1. what is the minimum crystal frequency required to achieve 300MHz?

>> You can get a 300MHz clock output from the PLL even using the minimum 5MHz frequency oscillator. You can use HALCoGen to configure the PLL. First go to the "Clk Source" tab and input 5.0 as the "Crystal Frequency". Then go to the PLL tab and play with the input divider, the multiplier (feedback divider), and the two sequential output dividers to get the output frequency you desire. You need to consider the min and max frequency ranges specified for each intermediate stage while choosing a value.

2. if 5MHz crystal is used what is the maximum frequency that can be achieved?

>> As shown in the above figure, you can get to the max CPU operating frequency using a 5MHz crystal as well.

3. in HDK 16MHz crystal is used. Is that the recommended crystal osc freq? if not what all can be used??

>> The choice of the oscillator and its frequency is entirely up to you. The only constraint is that it needs to be within the range of 5MHz to 20MHz.

4. if 300MHz can be achieved using 16MHz and 20MHz, what is the difference between both? for example in terms of current or power consumption.

>> The difference in power consumption for a 16MHz versus a 20MHz oscillator is negligible, unless you are using these parts for a low-power mode application in which the main oscillator is kept active even through the low-power phase of operation.

5. usually we will be using maximum frequency(300MHz). if we use max freq, whether recommended baud rates for

 --> flexray-1.25Mbps, 2.5Mbps, 5Mbps, 10Mbps

>> The FlexRay controller requires an 80MHz clock signal on the VCLKA2 clock domain. This signal is usually provided by generating an 80MHz output from PLL2.

 --> ethernet - 10Mbps,100Mbps

>> The Ethernet operating mode is defined by the external oscillator that you use for the external Ethernet PHY. This is specified in the IEEE 802.3 standard as:

For an MII protocol

• 2.5MHz at 10Mbps, and
• 25MHz at 100Mbps

For RMII protocol, you need a 50MHz crystal input to the Ethernet PHY for both 10Mbps and 100Mbps.

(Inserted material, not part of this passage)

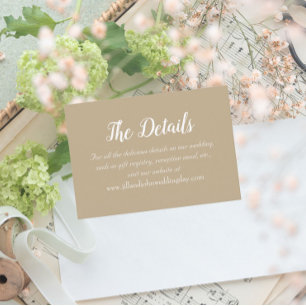 Khaki Simple Style Wedding Details Enclosure Card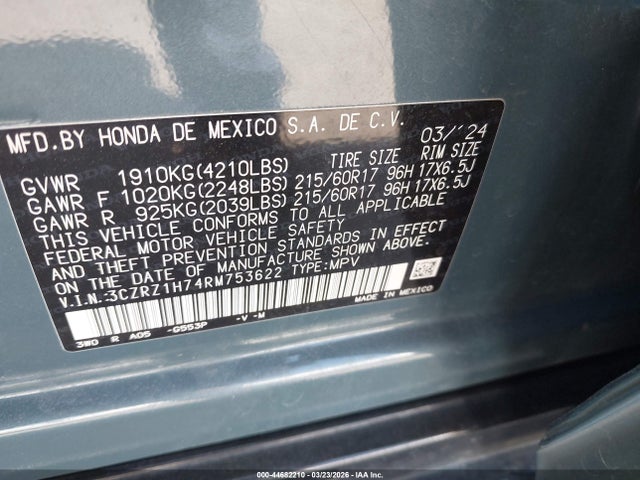 3CZRZ1H74RM753622 Honda Hr-v 2wd Ex-l/2wd Ex-l W/o Bsi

 -->CAN - 125Kbps, 250Kbps, 500Kbps, 1Mbps

>> The CAN baud rate is generated using the VCLKA1 clock domain. This signal must be at least 8MHz to support a max transfer rate of 1MBaud. So if you want to use the main oscillator as the source for VCLKA1 (typical case), then the oscillator must at least be 8MHz if you want a max transfer rate of 1MBaud. The other transfer rates can be achieved even with a 5MHz oscillator, or by using VCLK as the source for VCLKA1 domain.

 --> SCI - 9600bps, 115200bps can be achieved with 0% tolerance?

>> The baud rate for SCI is generated from VCLK and is not (directly) dependent on the oscillator frequency. Again, you can use HALCoGen to determine the VCLK frequency you need to meet the exact SCI baud rate required with 0% tolerance. See the "SCI Data Format" tab for each instance of the SCI module.